It has come to our attention that Google has begun omitting the title of the Persian Gulf from its Google Maps application. This is a disconcerting development given the undisputed historic and geographic precedent of the name Persian Gulf, and the more recent history of opening up the name to political, ethnic, and territorial disputes. However unintentionally, in adopting this practice, Google is participating in a dangerous effort to foment tensions and ethnic divisions in the Middle East by politicizing the region’s geographic nomenclature.
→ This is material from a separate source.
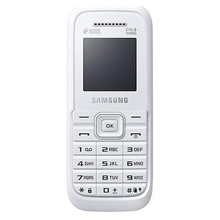 Мобильный телефон Samsung B110E Dual Sim (White)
Members of the Iranian-American community are overwhelmingly opposed to such efforts, particularly at a time when regional tensions already have been pushed to the brink and threaten to spill over into conflict. As the largest grassroots organization in the Iranian-American community, the National Iranian American Council (NIAC) calls on Google to not allow its products to become propaganda tools and to immediately reinstate the historically accurate, apolitical title of “Persian Gulf” in all of its informational products, including Google Maps.

Historically, the name “Persian Gulf” is undisputed. The Greek geographer and astronomer Ptolemy referencing in his writings the “Aquarius Persico.” The Romans referred to the "Mare Persicum." The Arabs historically call the body of water, "Bahr al-Farsia." The legal precedent of this nomenclature is also indisputable, with both the United Nations and the United States Board of Geographic Names confirming the sole legitimacy of the term “Persian Gulf.” Agreement on this matter has also been codified by the signatures of all six bordering Arab countries on United Nations directives declaring this body of water to be the Persian Gulf.

But in the past century, and particularly at times of escalating tensions, there have been efforts to exploit the name of the Persian Gulf as a political tool to foment ethnic division. From colonial interests to Arab interests to Iranian interests, the opening of debate regarding the name of the Persian Gulf has been a recent phenomenon that has been exploited for political gain by all sides. Google should not enable these politicized efforts.

In the 1930s, British adviser to Bahrain Sir Charles Belgrave proposed to rename the Persian Gulf, “Arabian Gulf,” a proposal that was rejected by the British Colonial and Foreign offices. Two decades later, the Anglo-Iranian Oil Company resurrected the term during its dispute with Mohammad Mossadegh, the Iranian Prime Minister whose battle with British oil interests would end in a U.S.-sponsored coup d'état that continues to haunt U.S.-Iran relations. In the 1960s, the title “Arabian Gulf” became central to propaganda efforts during the Pan-Arabism era aimed at exploiting ethnic divisions in the region to unite Arabs against non-Arabs, namely Iranians and Israelis. The term was later employed by Saddam Hussein to justify his aims at territorial expansion. Osama Bin Laden even adopted the phrase in an attempt to rally Arab populations by emphasizing ethnic rivalries in the Middle East.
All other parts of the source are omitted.